Thank you
Every so often I stumble across a post that crystalizes something that's been rattling around my head for the last few month. One such post is here:
That's how I feel too. I remember there being little to no dispute over whether Saddam had WMD. That didn't require lies from the Bush administration; it was the overwhelming belief of both sides. I don't remember predictions of sectarian civil war. If they were made, they weren't prominent.Now, of course, I supported the war, so I can be expected to say something like what I am about to say. My only excuse is that I have been thinking hard about this, trying to pick out what went wrong, and I think that I am willing to admit where I was wrong. I was wrong to impute too much confidence to my ability to interpret Saddam Hussein's actions; I was wrong to not foresee how humiliating Iraqis would find being liberated by the westerners who have been tramping around their country, breaking things for their own reasons and with little regard for the Iraqi people, for several hundred years. I was wrong to impute excessive competence to the government--and not just the Bush administration, but to any government occupation.
However.
This has not convinced me of the brilliance of the doves, because precisely none of the ones that I argued with predicted that things would go wrong in the way they did. If you get the right result, with the wrong mechanism, do you get credit for being right, or being lucky? In some way, they got it just as wrong as I did: nothing that they predicted came to pass. It's just that independantly, things they didn't predict made the invasion not work. If I say we shouldn't go to dinner downtown because we're going to be robbed, and we don't get robbed but we do get food poisoning, was I "right"? Only in some trivial sense. Food poisoning and robbery are completely unrelated, so my belief that we would regret going to dinner was validated only by random chance.

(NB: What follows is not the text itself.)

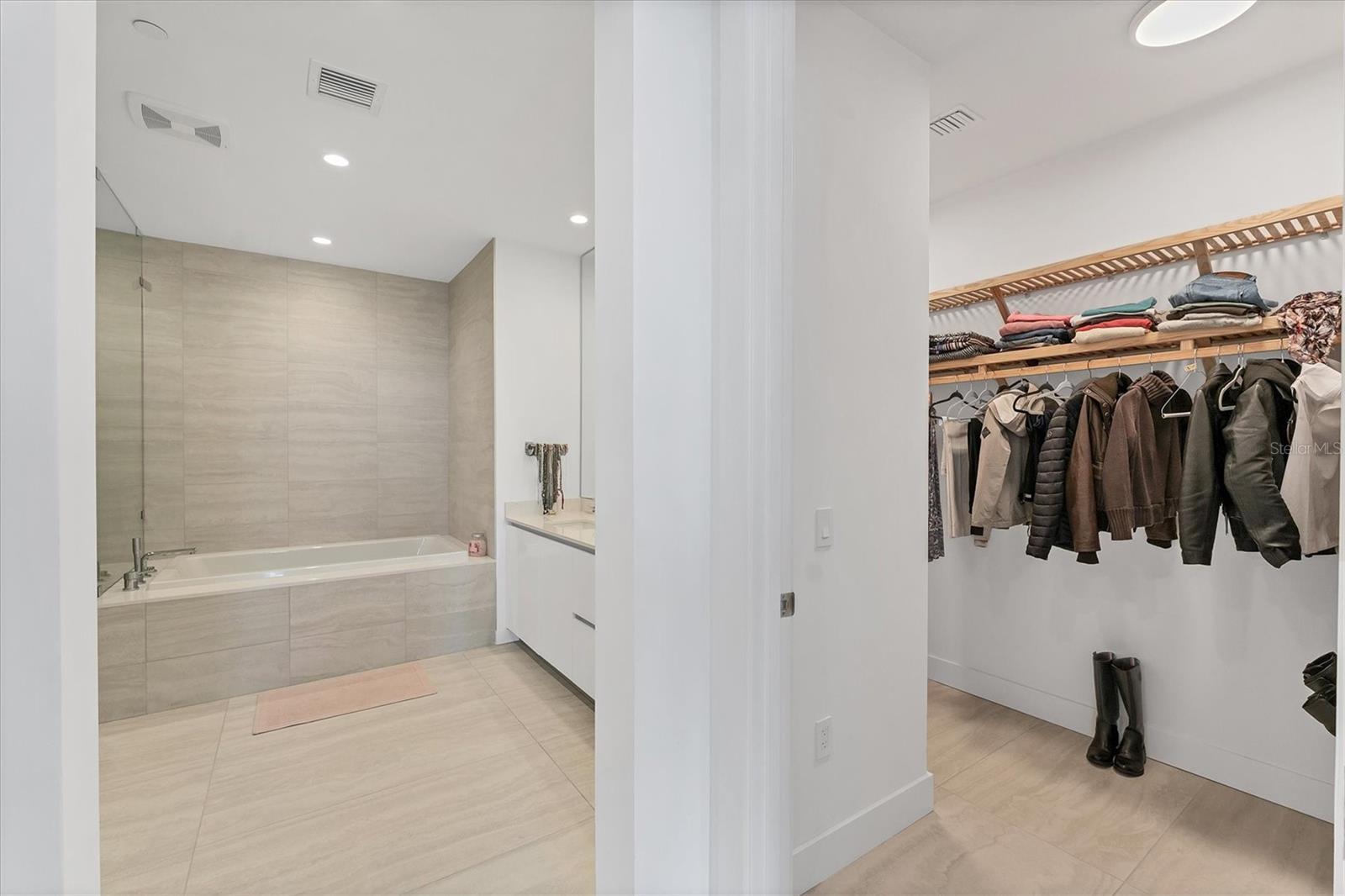301 QUAY COMMONS #501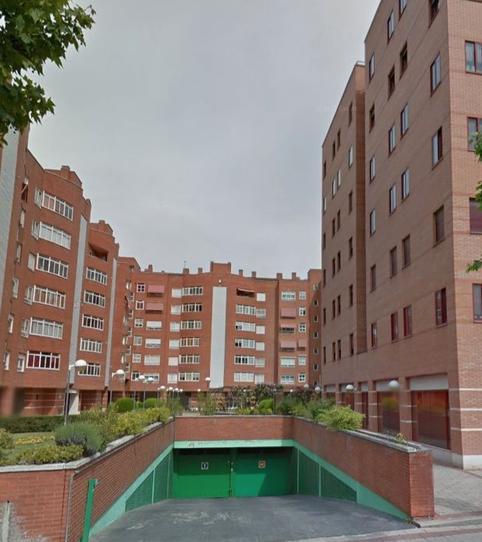 Photo 2 of Garage to rent in Calle Roble, 1, La Victoria - Puente Jardín, Valladolid Capital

Yet, the incident will probably increase my confidence in my prediction abilities, even though my prediction was 100% wrong.
My side of the argument was wrong about a number of things and that erodes my trust in the decisions that are made from the same set of judgements. But I don't really have any more confidence in the other side either. They can keep there 'blood for oil' theories and their freudian psychology. I don't trust a group of pacifists with foreign policy.